David Cameron has come under renewed pressure for a public debate with Alex Salmond following his New Year anti-independence message and a new SNP poll which suggests a substantial number of British people want to see them go head-to-head on television.
Over three-fifths of people in Scotland and over half of people in the rest of the UK think there should be televised referendum debate between the Prime Minister and First Minister, a Panelbase poll commissioned by the SNP found.
This compares with around a quarter on both sides of the border who do not wish to see a TV debate, the poll suggests.
Mr Cameron has steadfastly refused Mr Salmond's challenge, insisting the debate should be amongst the people of Scotland.
But in a new letter to Number 10, Mr Salmond told the Prime Minister that his New Year plea to Scots to stay in the UK undermined this argument.
Mr Salmond said: "I note that you used the centre-piece of your New Year address to attack Scottish independence.
"It seems that you want to dictate the terms of the debate about Scotland's future without taking the democratic responsibility to defend your views in open debate. That is simply unacceptable."
Mr Salmond also accused Mr Cameron of using Scottish public funds in the anti-independence campaign, and then plotting to cut Scotland's budget if it votes no.
He added: "The reality is that your Government, in line with its predecessors, is itching to cut Scotland's funding in the event of a No vote whilst simultaneously directing its tax-payer funded resources to direct the case against an independent Scotland."
In his New Year message, Mr Cameron said: "This year, let the message go out from England, Wales and Northern Ireland to everyone in Scotland: we want you to stay, and together we can build an even stronger United Kingdom for our children and grandchildren."
The Panelbase poll of 1,012 people in Scotland found 63% backed a televised debate, 25% opposed it and 11% were undecided.
A related poll of 1,011 people in the rest of the UK found 56% backed a televised debate, 24% opposed it and 19% were undecided.
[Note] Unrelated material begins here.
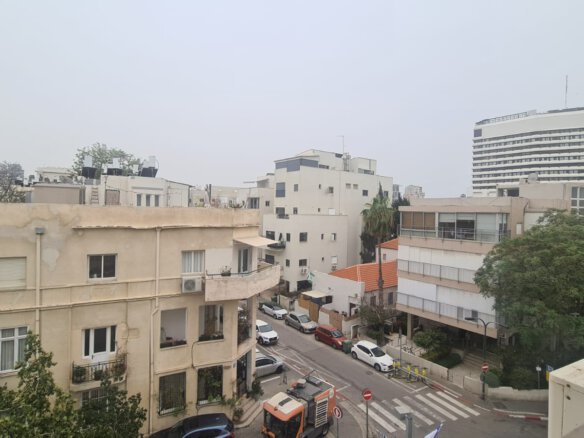 למכירה דירה ברח' הס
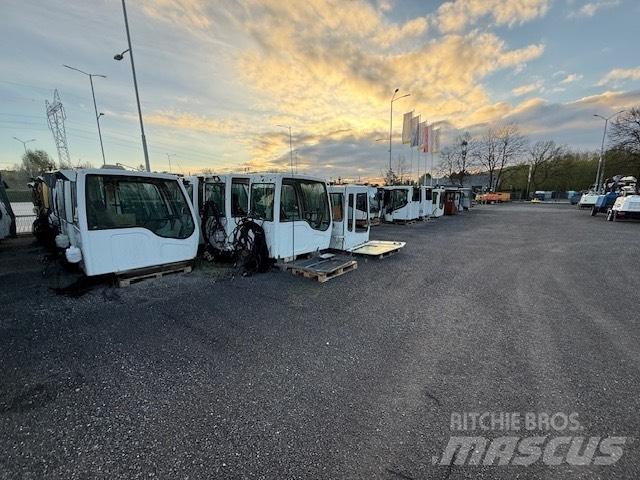 Liebherr USED CAB Kabiny a interiér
Deputy First Minister Nicola Sturgeon said: "These figures demonstrate that there are decisive majorities in Scotland, and among people in the rest of the UK, for a televised referendum debate between Alex Salmond and David Cameron.
"In Scotland, most Labour, SNP and Lib Dem voters want a debate between the First Minster and Prime Minister; and in the rest of the UK they are joined by a clear majority of David Cameron's own Tory voters, as well as Labour and Lib Dem supporters.
"Yet while David Cameron is happy to pull the strings of the No campaign from 10 Downing Street, he is scared to debate Alex Salmond face-to-face. As the leading politician seeking a No vote, Mr Cameron has to find his courage in referendum year.
"David Cameron's Government has boasted that 'Whitehall's full intellectual might' is engaged in trying to achieve a No vote in the referendum, with the Treasury spearheading a 'coordinated push' - resulting in 13 reports being produced across UK Government departments to support the No campaign.
"It is abundantly clear that the No campaign is Tory-led and Westminster-led - a fact further underlined by the Prime Minister's New Year message.
"Therefore, as the principal signatories of the Edinburgh Agreement, the natural progression in these circumstances is a televised, head-to-head debate between Mr Cameron and Alex Salmond - a democratic position supported by a substantial majority of people north and south of the border."
A Number 10 spokeswoman said: "The Prime Minister is Prime Minister of the whole United Kingdom and of course has a role in the referendum campaign, however, he believes that the debate should be led by Scots in Scotland and that is why Alistair Darling will lead for the No campaign."
A spokesman for Yes Scotland said: "A televised debate with the First Minister and Prime Minister will help Scots choose between the two futures on offer and ensure that the UK Government fully explains why it is willing to implement unwanted policies north of the border."